PS. I have seen biketrain.ca before. Wonderful concept. It would be great if other train companies followed suit ie: using one whole car for bike storage.

Title: Re: Northern Tier-ish
Post by: rvklassen on March 11, 2010, 03:26:39 pm
I live and work in Niagara Falls, NY. and for bicycling across the border, I prefer the Lewiston Queenston bridge or the Rainbow bridge over the peace bridge in buffalo.
The Rainbow is much nicer than the Peace bridge (way less wind, much, much shorter).  Do you have a route with decent roads from someplace east of Niagara Falls?  I can route on relatively nice roads until I come to the outskirts of Niagara Falls.  But last time I tried to get to Niagara Falls Ontario (from Rochester), the NF NY roads I wound up taking were terrible.  (Came in on Lockport to Packard to Niagara St.).  I'd been planning on Queenston/Lewiston bridge from here on, but I'd prefer the Rainbow bridge for being shorter and more sheltered.  Not to mention more scenic.
Title: Re: Northern Tier-ish
Post by: jcostanz on March 15, 2010, 04:30:18 pm
The route from east of Niagara falls would be to stay north of Niagara Falls, Upper mountain road or Rt 31 (just don't take 31 past Hyde Park rd).  then take Lewiston Rd South.  Near the intersection of Lewiston Rd and Hyde Park Rd there is an entrance ramp to the Robert Moses Parkway.  The old Southbound lanes of the parkway has been turned into a multi use path with a pedestrian bridge crossing over the car lanes.  The path will take you right down to 2 blocks from the rainbow bridge.  Much better than any road in the City of Niagara falls.  I can find better directions if you need.
Title: Re: Northern Tier-ish
Post by: rvklassen on March 16, 2010, 01:20:42 pm
The old Southbound lanes of the parkway has been turned into a multi use path with a pedestrian bridge crossing over the car lanes.  The path will take you right down to 2 blocks from the rainbow bridge.  Much better than any road in the City of Niagara falls.
This is the part I was missing.  I had noticed construction on Robert Moses, but never knew that's what they were doing with it. 
Thanks.
Title: Re: Northern Tier-ish
Post by: jcostanz on March 16, 2010, 04:17:01 pm
It appears that every winter the bridge over the whirlpool bridge is closed to pump something over it.  If they keep it closed, the only other way that I would take to the falls would be  Hyde Park to Walnut or Ferry. 

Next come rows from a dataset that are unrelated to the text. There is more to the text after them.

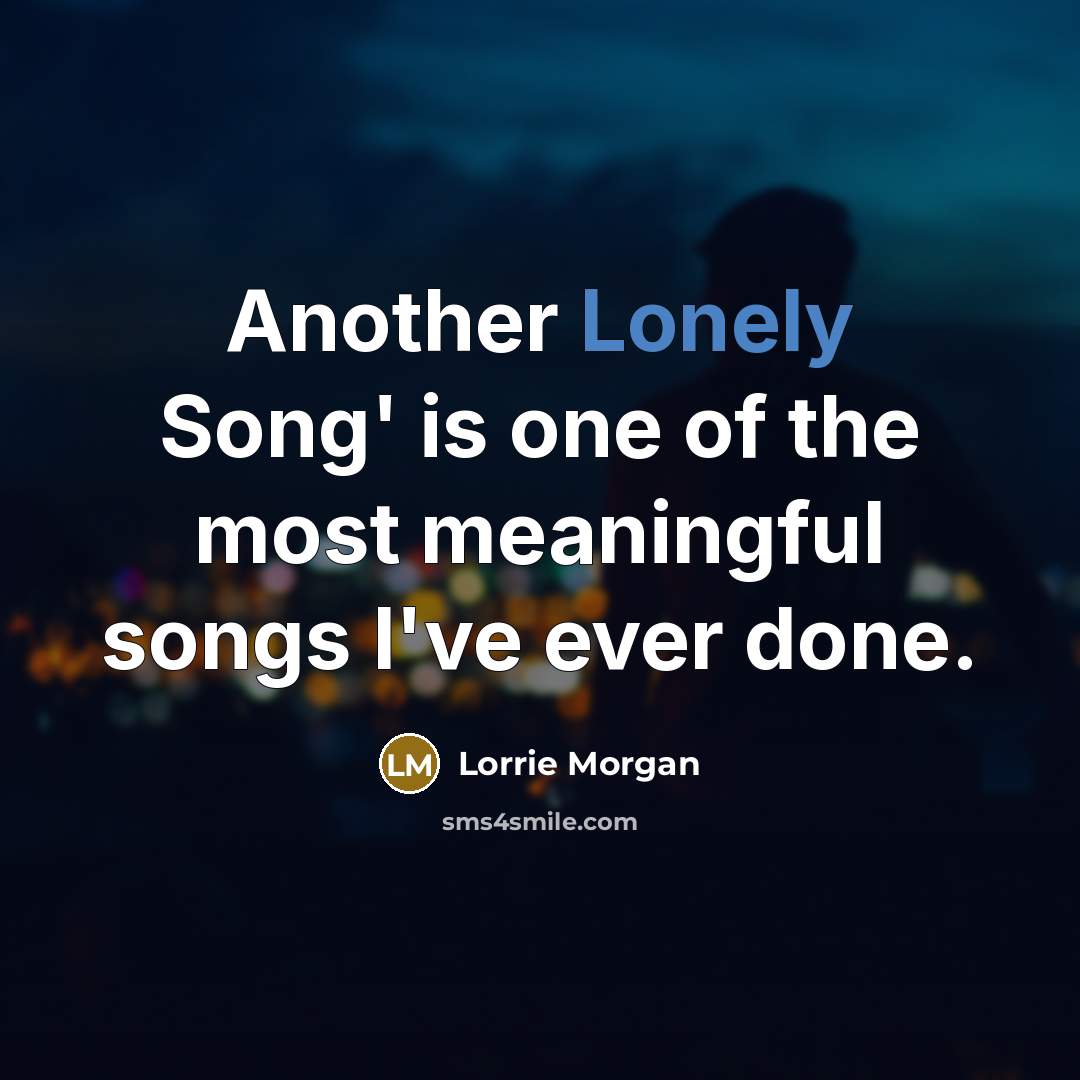 “Another Lonely Song' is one of the most meaningful songs…” quote by Lorrie Morgan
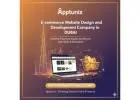 Affordable eCommerce Development Dubai | Apptunix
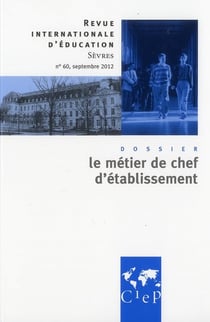 Revue internationale d'éducation de Sèvres n.60 : le métier de chef d'établissement
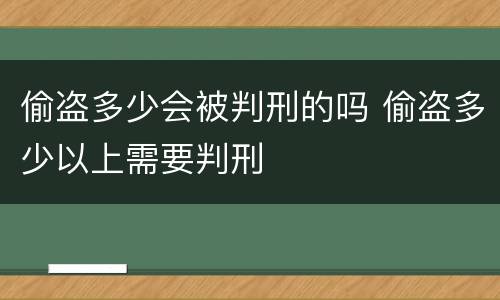 偷盗多少会被判刑的吗 偷盗多少以上需要判刑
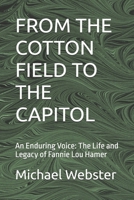 FROM THE COTTON FIELD TO THE CAPITOL: An Enduring Voice: The Life and Legacy of Fannie Lou Hamer B0FQN5XXG2 Book Cover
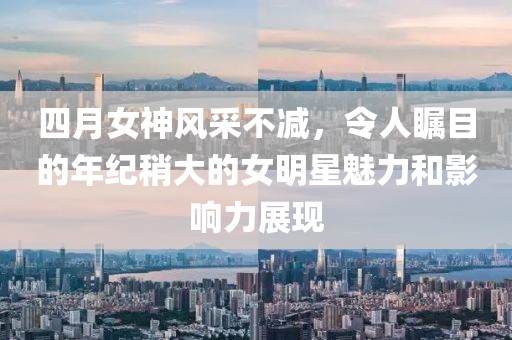 四月女神风采不减，令人瞩目的年纪稍大的女明星魅力和影响力展现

I forgot another route along the upper Niagara River.  There is a path on the south side of buffalo ave at the 190 bridges that takes you along the the river right into the state park.  There just doesn't seem to be a nice way of getting there from the east as even tho buffalo ave is low traffic, the conditions of the road was horrible the last time I rode down it.

Title: Re: Northern Tier-ish
Post by: rvklassen on March 16, 2010, 04:45:46 pm
I forgot another route along the upper Niagara River.  There is a path on the south side of buffalo ave at the 190 bridges that takes you along the the river right into the state park.  There just doesn't seem to be a nice way of getting there from the east as even tho buffalo ave is low traffic, the conditions of the road was horrible the last time I rode down it.
That route I had found, and while it is better than surface routes all the way through NF, I agree with your conclusion about roads to get to that path from the east.  As I understand it there really isn't a whole lot of money for maintaining roads in those parts, and they deteriorate just as fast as anywhere else that sees frost.

Interestingly, Google Maps (bicycling) has a very approximate idea of where the path running along the former southbound lanes of Robert Moses is, and isn't all that good at routing one on to it - despite being overly aggressive about routing on unpaved paths in other places...
Title: Re: Northern Tier-ish
Post by: jcostanz on March 18, 2010, 11:19:37 am
That path could be a good route if one is coming from the South and uses the Grand Island bridges (190).  I tried this and my trike was too wide at the top of the Southern Bridge.  I had to back down the sidewalk from the top, took about 45 minutes:(.  It connects with a very nice called river walk which start around the Peace bridge and goes thru Niawanda park.